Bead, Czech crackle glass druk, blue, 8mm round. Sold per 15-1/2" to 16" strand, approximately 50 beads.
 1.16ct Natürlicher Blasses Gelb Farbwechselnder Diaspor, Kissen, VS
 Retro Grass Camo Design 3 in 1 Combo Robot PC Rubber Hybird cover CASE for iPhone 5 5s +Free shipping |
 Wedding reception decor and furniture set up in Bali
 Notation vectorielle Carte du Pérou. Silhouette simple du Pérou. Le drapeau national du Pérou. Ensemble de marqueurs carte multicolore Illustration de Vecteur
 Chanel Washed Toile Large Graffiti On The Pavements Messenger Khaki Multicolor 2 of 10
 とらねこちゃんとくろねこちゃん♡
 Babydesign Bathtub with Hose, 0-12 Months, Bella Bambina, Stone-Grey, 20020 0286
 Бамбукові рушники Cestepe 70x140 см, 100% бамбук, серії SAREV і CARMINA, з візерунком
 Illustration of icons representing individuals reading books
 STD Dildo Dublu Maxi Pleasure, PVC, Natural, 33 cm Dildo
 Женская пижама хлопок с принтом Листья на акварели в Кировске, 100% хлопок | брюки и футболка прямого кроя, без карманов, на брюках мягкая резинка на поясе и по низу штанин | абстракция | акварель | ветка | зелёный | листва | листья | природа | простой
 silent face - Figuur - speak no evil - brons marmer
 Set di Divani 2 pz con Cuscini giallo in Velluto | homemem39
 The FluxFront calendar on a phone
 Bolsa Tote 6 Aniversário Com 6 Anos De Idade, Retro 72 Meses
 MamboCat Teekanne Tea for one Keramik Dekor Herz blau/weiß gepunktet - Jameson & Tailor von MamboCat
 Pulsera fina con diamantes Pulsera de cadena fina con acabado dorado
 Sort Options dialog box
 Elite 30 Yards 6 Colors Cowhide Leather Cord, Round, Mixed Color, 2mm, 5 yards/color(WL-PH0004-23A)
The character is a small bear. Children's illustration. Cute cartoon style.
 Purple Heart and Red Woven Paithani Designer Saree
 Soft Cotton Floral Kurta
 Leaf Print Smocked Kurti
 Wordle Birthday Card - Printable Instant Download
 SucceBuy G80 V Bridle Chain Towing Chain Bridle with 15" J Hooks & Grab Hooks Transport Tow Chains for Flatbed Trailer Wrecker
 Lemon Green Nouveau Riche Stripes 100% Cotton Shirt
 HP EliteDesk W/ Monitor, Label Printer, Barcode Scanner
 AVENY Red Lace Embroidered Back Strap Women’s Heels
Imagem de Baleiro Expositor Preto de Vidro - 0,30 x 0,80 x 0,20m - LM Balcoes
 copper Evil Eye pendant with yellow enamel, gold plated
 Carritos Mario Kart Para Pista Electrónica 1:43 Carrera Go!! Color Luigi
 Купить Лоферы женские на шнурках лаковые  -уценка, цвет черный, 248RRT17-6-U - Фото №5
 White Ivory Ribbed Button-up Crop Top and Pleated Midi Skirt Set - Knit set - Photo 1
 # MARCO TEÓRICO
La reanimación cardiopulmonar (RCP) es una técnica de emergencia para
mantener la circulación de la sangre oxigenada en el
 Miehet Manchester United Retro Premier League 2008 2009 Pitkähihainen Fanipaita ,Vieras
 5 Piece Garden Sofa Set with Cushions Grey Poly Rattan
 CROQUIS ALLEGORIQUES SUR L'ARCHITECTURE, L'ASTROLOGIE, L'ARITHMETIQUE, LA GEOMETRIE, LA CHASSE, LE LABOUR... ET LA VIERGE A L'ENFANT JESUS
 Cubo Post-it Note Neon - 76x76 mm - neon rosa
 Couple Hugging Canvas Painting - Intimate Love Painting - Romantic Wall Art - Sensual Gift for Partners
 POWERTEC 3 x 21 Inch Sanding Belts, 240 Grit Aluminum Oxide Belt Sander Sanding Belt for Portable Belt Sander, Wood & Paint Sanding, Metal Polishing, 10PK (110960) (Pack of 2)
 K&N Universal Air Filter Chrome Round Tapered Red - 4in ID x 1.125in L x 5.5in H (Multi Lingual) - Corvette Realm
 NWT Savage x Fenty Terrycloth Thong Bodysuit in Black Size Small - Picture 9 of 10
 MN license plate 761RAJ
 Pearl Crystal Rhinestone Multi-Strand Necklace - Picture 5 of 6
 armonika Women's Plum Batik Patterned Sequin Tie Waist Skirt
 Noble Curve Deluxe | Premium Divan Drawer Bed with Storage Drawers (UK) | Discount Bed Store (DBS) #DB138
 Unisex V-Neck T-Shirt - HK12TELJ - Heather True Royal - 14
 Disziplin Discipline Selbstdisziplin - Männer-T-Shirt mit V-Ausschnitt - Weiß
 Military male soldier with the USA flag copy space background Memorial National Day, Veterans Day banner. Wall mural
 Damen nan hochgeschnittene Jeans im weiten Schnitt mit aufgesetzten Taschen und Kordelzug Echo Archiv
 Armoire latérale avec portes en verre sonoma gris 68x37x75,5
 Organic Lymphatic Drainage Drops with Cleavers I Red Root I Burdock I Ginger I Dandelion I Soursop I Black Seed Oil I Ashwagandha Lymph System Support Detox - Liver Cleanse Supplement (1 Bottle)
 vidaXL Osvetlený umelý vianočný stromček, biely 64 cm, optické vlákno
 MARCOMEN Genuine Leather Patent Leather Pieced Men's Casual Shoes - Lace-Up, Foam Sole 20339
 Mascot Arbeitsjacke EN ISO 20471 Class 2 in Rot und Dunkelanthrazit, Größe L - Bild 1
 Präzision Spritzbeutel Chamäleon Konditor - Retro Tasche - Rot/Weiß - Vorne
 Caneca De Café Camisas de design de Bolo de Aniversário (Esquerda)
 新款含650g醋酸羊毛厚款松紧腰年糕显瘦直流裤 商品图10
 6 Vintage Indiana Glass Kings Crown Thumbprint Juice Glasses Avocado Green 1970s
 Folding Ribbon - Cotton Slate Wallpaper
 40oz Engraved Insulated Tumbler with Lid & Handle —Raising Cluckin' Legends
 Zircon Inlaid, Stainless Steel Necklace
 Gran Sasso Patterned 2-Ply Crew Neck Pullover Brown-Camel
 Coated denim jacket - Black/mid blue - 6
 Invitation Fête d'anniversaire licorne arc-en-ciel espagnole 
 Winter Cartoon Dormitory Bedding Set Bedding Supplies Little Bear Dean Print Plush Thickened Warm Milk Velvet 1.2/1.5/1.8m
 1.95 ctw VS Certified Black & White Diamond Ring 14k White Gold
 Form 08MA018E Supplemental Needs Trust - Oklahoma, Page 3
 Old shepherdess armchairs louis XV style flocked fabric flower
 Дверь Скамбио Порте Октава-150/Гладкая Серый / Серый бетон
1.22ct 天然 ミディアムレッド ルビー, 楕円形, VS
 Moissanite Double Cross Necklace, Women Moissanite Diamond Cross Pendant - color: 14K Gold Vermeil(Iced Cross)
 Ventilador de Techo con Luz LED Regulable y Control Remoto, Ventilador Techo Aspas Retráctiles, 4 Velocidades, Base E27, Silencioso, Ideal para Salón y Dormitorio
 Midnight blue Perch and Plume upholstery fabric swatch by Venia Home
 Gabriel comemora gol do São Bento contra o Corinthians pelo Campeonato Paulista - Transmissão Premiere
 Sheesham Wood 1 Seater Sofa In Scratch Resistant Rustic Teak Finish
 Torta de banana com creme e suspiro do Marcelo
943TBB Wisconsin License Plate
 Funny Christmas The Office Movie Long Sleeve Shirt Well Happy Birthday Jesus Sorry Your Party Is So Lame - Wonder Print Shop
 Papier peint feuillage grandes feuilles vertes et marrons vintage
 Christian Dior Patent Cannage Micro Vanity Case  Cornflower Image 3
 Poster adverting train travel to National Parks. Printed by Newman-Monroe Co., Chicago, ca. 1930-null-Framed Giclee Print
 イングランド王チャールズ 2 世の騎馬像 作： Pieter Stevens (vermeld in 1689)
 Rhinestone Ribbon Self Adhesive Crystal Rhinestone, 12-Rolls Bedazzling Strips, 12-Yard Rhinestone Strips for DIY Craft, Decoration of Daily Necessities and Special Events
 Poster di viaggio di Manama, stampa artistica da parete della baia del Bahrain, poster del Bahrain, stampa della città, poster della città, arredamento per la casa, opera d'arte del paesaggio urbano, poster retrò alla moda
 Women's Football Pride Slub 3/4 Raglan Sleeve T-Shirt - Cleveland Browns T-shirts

(Problem statement)
Please return exactly the lines from the opening line of the data above through the line with "Illustration of icons", both included and nothing else.

(Answer section)
Bead, Czech crackle glass druk, blue, 8mm round. Sold per 15-1/2" to 16" strand, approximately 50 beads.
 1.16ct Natürlicher Blasses Gelb Farbwechselnder Diaspor, Kissen, VS
 Retro Grass Camo Design 3 in 1 Combo Robot PC Rubber Hybird cover CASE for iPhone 5 5s +Free shipping |
 Wedding reception decor and furniture set up in Bali
 Notation vectorielle Carte du Pérou. Silhouette simple du Pérou. Le drapeau national du Pérou. Ensemble de marqueurs carte multicolore Illustration de Vecteur
 Chanel Washed Toile Large Graffiti On The Pavements Messenger Khaki Multicolor 2 of 10
 とらねこちゃんとくろねこちゃん♡
 Babydesign Bathtub with Hose, 0-12 Months, Bella Bambina, Stone-Grey, 20020 0286
 Бамбукові рушники Cestepe 70x140 см, 100% бамбук, серії SAREV і CARMINA, з візерунком
 Illustration of icons representing individuals reading books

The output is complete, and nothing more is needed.